Peperomia parva is a species of terrestrial or epiphytic herb in the genus Peperomia that is native to Peru. It grows on wet tropical biomes. Its conservation status has been evaluated as threatened.

==Description==
The type specimen were collected at Pichis Trail, Peru at an altitude of 1700-1900 meters above sea level.

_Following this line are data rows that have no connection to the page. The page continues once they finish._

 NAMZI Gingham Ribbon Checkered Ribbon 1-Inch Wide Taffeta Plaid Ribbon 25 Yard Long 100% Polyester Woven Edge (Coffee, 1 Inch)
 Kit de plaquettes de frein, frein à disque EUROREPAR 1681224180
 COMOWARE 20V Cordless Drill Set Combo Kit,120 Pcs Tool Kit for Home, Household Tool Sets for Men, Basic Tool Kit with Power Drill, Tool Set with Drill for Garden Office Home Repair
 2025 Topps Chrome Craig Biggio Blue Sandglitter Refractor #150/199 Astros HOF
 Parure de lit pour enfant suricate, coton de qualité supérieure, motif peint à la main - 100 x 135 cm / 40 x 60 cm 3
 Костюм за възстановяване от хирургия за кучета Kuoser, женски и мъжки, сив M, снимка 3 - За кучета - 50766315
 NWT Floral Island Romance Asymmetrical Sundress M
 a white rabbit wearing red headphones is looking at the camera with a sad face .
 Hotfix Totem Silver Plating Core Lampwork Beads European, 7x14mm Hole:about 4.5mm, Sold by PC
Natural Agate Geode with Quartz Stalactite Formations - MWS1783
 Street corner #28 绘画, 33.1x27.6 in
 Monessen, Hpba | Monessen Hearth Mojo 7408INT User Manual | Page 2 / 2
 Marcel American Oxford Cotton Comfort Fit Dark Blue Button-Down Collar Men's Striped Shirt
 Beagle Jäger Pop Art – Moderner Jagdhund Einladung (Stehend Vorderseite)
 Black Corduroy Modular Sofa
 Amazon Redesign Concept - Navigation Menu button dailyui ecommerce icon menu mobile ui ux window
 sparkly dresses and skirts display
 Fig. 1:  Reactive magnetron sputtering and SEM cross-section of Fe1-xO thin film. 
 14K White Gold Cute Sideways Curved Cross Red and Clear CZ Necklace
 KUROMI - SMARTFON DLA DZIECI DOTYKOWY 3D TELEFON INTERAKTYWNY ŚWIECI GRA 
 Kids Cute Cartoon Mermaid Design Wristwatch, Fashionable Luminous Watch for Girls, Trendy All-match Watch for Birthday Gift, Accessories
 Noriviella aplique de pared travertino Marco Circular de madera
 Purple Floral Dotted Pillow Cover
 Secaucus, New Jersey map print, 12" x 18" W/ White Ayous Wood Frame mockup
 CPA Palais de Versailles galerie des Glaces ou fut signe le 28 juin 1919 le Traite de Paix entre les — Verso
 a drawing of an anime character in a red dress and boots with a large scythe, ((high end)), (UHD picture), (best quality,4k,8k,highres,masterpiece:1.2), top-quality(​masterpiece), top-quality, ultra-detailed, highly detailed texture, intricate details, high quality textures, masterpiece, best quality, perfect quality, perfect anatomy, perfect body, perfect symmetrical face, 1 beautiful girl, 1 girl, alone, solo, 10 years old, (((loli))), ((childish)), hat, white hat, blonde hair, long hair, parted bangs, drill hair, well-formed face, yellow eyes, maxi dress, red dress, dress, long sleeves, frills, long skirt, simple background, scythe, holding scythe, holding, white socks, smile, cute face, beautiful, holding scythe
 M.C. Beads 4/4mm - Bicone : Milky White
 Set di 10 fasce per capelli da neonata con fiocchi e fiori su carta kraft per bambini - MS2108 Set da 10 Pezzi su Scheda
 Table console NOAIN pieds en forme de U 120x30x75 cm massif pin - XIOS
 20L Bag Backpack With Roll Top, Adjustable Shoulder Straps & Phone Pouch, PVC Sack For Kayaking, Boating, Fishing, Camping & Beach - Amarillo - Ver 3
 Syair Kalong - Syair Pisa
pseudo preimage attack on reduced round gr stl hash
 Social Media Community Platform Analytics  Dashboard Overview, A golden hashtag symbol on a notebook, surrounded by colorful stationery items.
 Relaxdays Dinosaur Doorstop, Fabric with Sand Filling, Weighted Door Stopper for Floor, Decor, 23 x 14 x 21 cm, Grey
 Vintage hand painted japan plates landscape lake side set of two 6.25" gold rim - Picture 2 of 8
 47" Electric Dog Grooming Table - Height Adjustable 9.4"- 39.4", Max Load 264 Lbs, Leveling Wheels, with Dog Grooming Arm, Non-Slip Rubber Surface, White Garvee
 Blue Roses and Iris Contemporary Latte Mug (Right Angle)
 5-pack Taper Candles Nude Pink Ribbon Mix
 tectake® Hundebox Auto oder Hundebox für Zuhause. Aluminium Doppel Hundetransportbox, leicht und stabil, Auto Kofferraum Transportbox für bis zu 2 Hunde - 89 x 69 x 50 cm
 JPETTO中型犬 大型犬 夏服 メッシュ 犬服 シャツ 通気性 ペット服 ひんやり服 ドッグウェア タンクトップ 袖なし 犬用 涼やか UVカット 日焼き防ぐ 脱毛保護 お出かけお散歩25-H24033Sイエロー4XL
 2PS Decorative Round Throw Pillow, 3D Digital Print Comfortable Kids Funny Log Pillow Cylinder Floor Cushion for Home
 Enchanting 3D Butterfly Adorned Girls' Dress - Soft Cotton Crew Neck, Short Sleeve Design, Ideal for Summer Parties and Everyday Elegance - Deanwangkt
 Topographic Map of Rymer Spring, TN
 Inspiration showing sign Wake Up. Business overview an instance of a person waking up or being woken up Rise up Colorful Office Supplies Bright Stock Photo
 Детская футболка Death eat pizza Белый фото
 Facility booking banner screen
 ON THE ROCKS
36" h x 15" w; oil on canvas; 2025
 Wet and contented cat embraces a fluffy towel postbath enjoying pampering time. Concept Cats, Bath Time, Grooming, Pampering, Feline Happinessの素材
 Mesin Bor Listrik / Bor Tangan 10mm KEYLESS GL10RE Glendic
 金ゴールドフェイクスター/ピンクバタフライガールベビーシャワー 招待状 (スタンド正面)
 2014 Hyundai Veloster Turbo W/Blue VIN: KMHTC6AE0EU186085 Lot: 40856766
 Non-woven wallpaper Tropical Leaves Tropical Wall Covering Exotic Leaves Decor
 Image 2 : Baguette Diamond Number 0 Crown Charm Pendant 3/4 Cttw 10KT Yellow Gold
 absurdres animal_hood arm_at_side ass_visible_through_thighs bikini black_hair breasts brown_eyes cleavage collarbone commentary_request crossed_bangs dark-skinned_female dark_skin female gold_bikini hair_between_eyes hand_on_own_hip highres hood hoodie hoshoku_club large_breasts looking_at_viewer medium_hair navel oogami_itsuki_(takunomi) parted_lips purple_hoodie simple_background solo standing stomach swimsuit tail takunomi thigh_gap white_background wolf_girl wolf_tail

Peperomia parva is a small, epiphytic, erect, glabrous herb. The alternate leaves are obovate, with a rounded apex and an acute base, measuring 15 mm long and 10–12 mm wide. They are pinnately nerved and, when dry, are leathery and opaque. The petiole is 5 mm long. The terminal spikes are 30 mm long and 2 mm thick, with a peduncle half as long (15 mm).

==Taxonomy and naming==
It was described in 1936 by William Trelease in Publications of the Field Museum of Natural History, Botanical Series 13, from specimens collected by Ellsworth Paine Killip & Albert Charles Smith.

The epithet is derived from the Latin for "small," directly referring to the diminutive size of this epiphytic species.

==Distribution and habitat==
It is native to Peru. It grows as a terrestrial or epiphytic herb. It grows on wet tropical biomes.

==Conservation==
This species has been assessed as threatened in a preliminary report.